#### [Exercise description]
Copy nothing but the lines below, from the one with "A paint splash" through the one with "view of swimming", exactly as written; no pictures should appear.

#### [Material for this exercise]
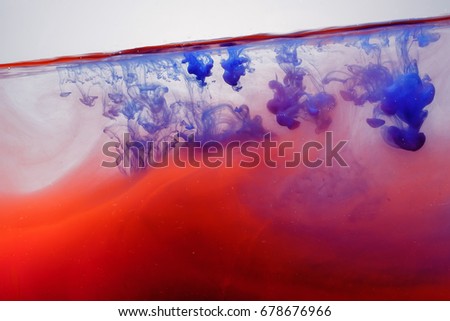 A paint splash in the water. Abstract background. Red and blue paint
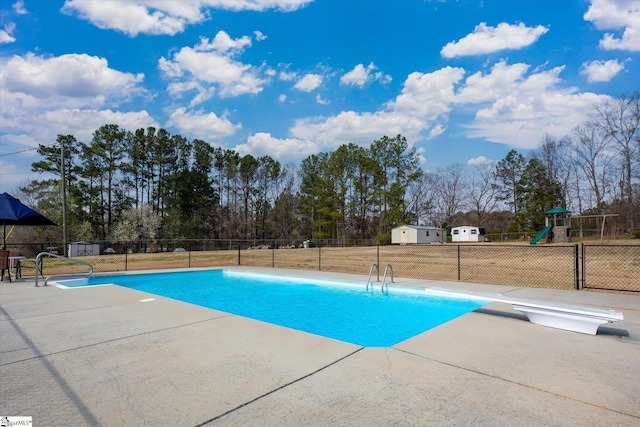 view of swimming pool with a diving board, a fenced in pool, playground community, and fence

--

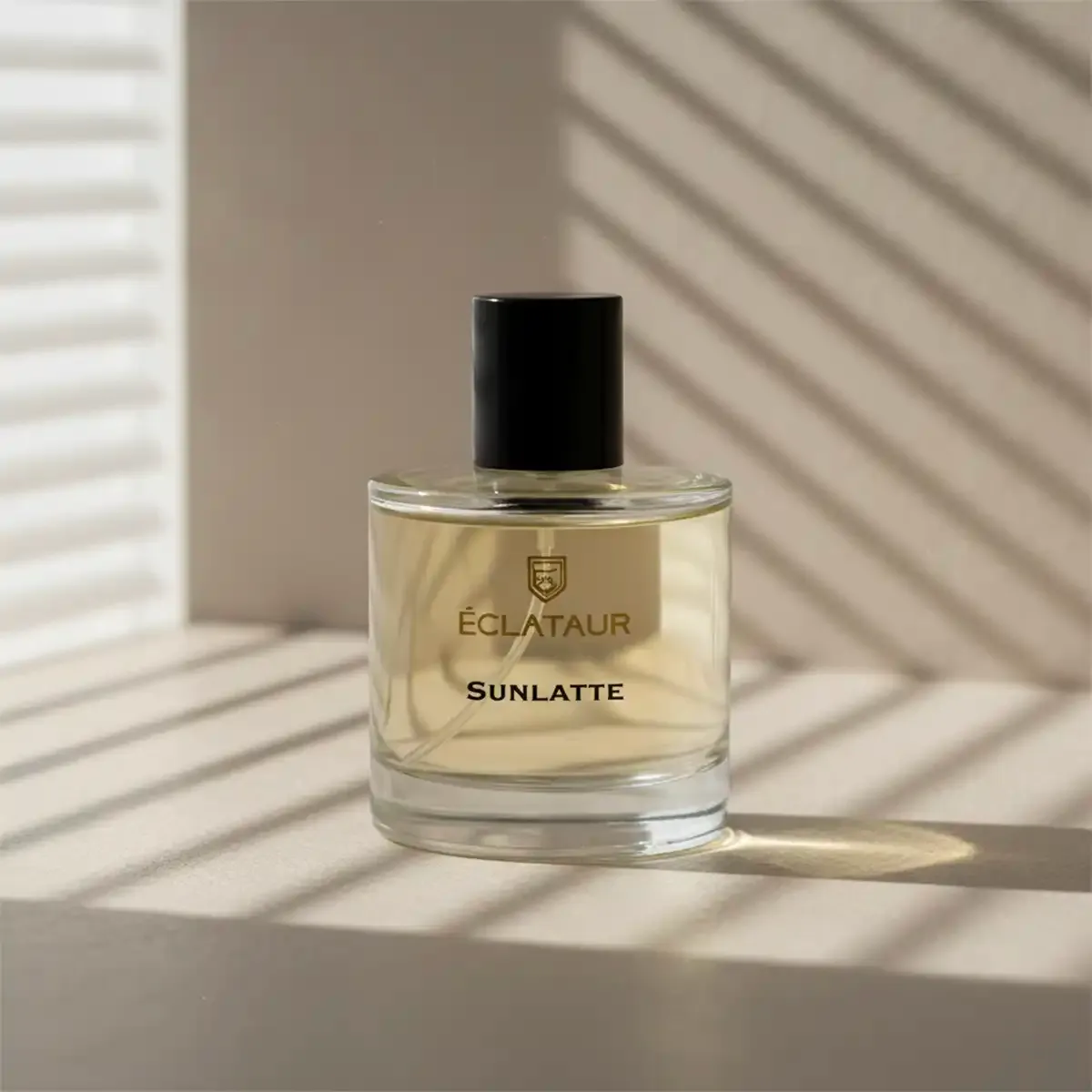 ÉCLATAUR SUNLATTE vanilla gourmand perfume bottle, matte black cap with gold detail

#### [Output below]
 A paint splash in the water. Abstract background. Red and blue paint
 view of swimming pool with a diving board, a fenced in pool, playground community, and fence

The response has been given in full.